By Andrew Chabak, Chief Data Officer, Rembrandt Group LLC

Andrew-Chabak2 And Now for Something DifferentSince this is my first time writing for this publication, I wanted to be totally different in approach and subject from what others are writing about Big Data.  There are countless articles on Hadoop, ETL, SQL, NoSQL and other topics.


So, let’s start with the data.  Most of the data for Big Data applications is on the Internet or in purchased databases and libraries.  How do you get it from where it is to where it needs to be: the Big Data platform you just spent millions to create?


  1. First, you need to analyze the problem you wish to solve
  2. Determine the data you need: both type and location
  3. Access the source and retrieve it

Sounds very easy at a high level, but actually it is very difficult, time consuming and costly to do.
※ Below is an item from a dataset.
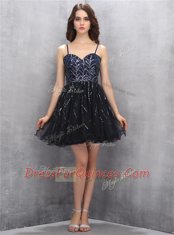 Black A-line Spaghetti Straps Sleeveless Tulle Mini Length Lace Up Sequins Prom Dress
Internet or Social Media Information Sourcing is extremely complicated.  Your teams will need to find the right data, extract it, process the information and move various levels of data and information to the Big Data staging or collection area.  Internal data is easy to acquire via ETL or ELT processing with tools such as Informatica, Ab Initio or Data Stage.  However, these tools do not work on the internet well or at all. Data teams in business groups and IT generally acquire this information by hand-generated, detailed and time-consuming searches. Then they extract knowledge nuggets and generate reporting via spreadsheets, or they also need to write SQL and merge with internal sources.


New tools are emerging for Internet, Social Media Information Mining of free and paid external sources of data and information:


  1. Human Intelligence Automation (HIA)
  2. Knowledge Management Facilitation (KMF)
  3. Semantic Searching Analysis and Semantic Web. What I Call Super Semantic Searching (S3)
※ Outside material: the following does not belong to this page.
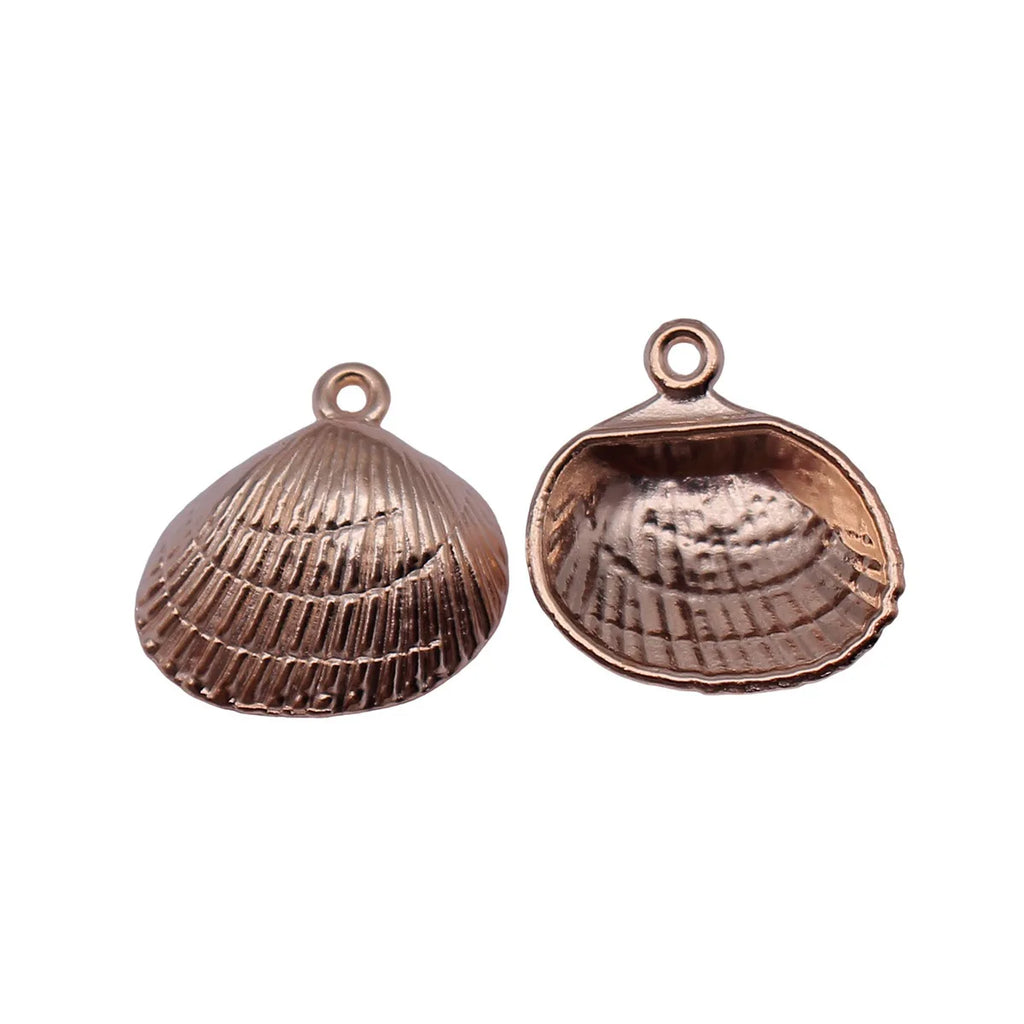 19x18mm 1.8g KC Gold Plated Zinc Alloy Shell Charm Pendant for DIY Necklace and Bracelet Making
Benefits include the following:

HIA automates the tedious process of repeatedly searching web sites.  These technologies have a high ROI in mechanizing the work of analysts and processing their findings.  An HIA ROI I just measured was reducing 40 hours of web searching to fewer than two hours via HIA and mechanizing the effort to feed a daily dashboard for Senior Management.  This competitive and vendor analysis is now scheduled nightly.


KMF mines selectively various information sources on the internet, including searching for data such as spreadsheets, PDFs, DOC files and others.  This selective mining prevents unnecessary accumulation of unwanted data on internal systems and storage, thereby greatly reducing the costs that would be associated with storing, processing and weeding out unwanted data, the separation of the chaff from the wheat so to speak. KMF, which I call “little Big Data” can greatly reduce the costs of unregulated data mining. It searches the internet forest, finds the trees and returns to your platform only the blades of grass, the valuable nuggets of information.  Find the information, process and return only what is required at the right level. ROI is the reduction in time, human effort, loading and disk space on the Big Data platform.  Other Use Cases include Fraud Detection and Security Breaches.
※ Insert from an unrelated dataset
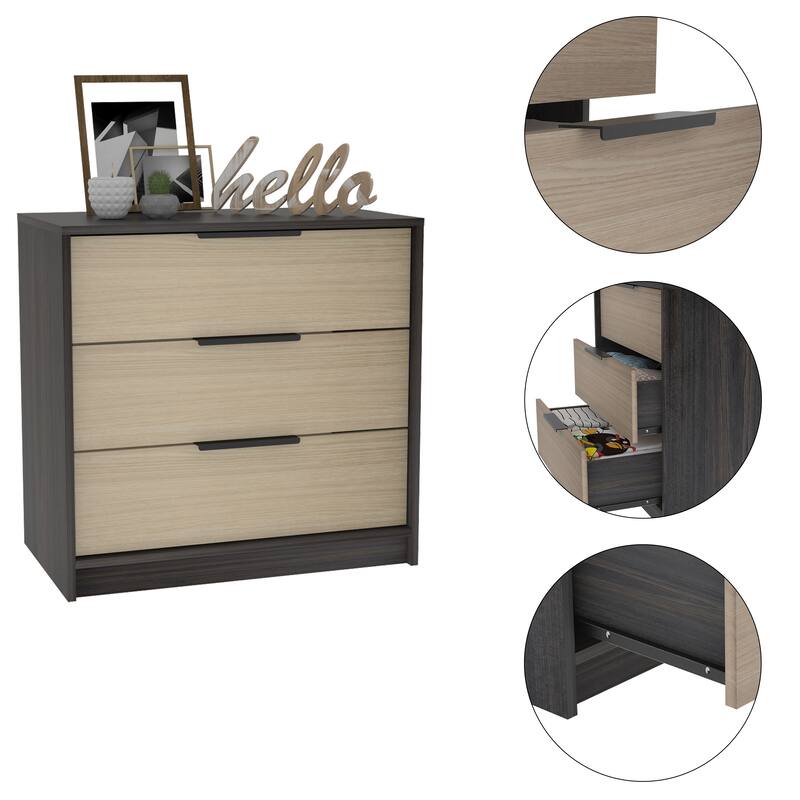 3 Drawers Dresser, Superior Top - Expresso+Light Oak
Semantics Searching (S3) is probably the hottest topic right now in the data world. Searching the internet and other various sources based on human language. How are my customers thinking about XYZ concept or product?  This may require searching various information stacks including Data Warehouse-OLAP, Big Data and the Internet simultaneously and returning the appropriate answer.

ROI eliminates the need for experts who know SQL, PIG, HIVE, other animals in the Big Data Zoo as well as for internet experts.  Semantic searches also eliminate time, effort and storage because only the answers to the questions posed are returned to the user.  Many companies are spending millions to mechanize this type of information gathering to gain competitive edge.  Semantics Use Cases relate to Competitive Analysis.


Semantics asks the questions: What are people saying about our customer and our products. This new searching capability is used for Data Mining, Campaign Management, Customer Relationship Management (CRM) as well as to attract the best customers, to retain them and to flag or eliminate unprofitable customers.


Hopefully the reader finds this article different and insightful.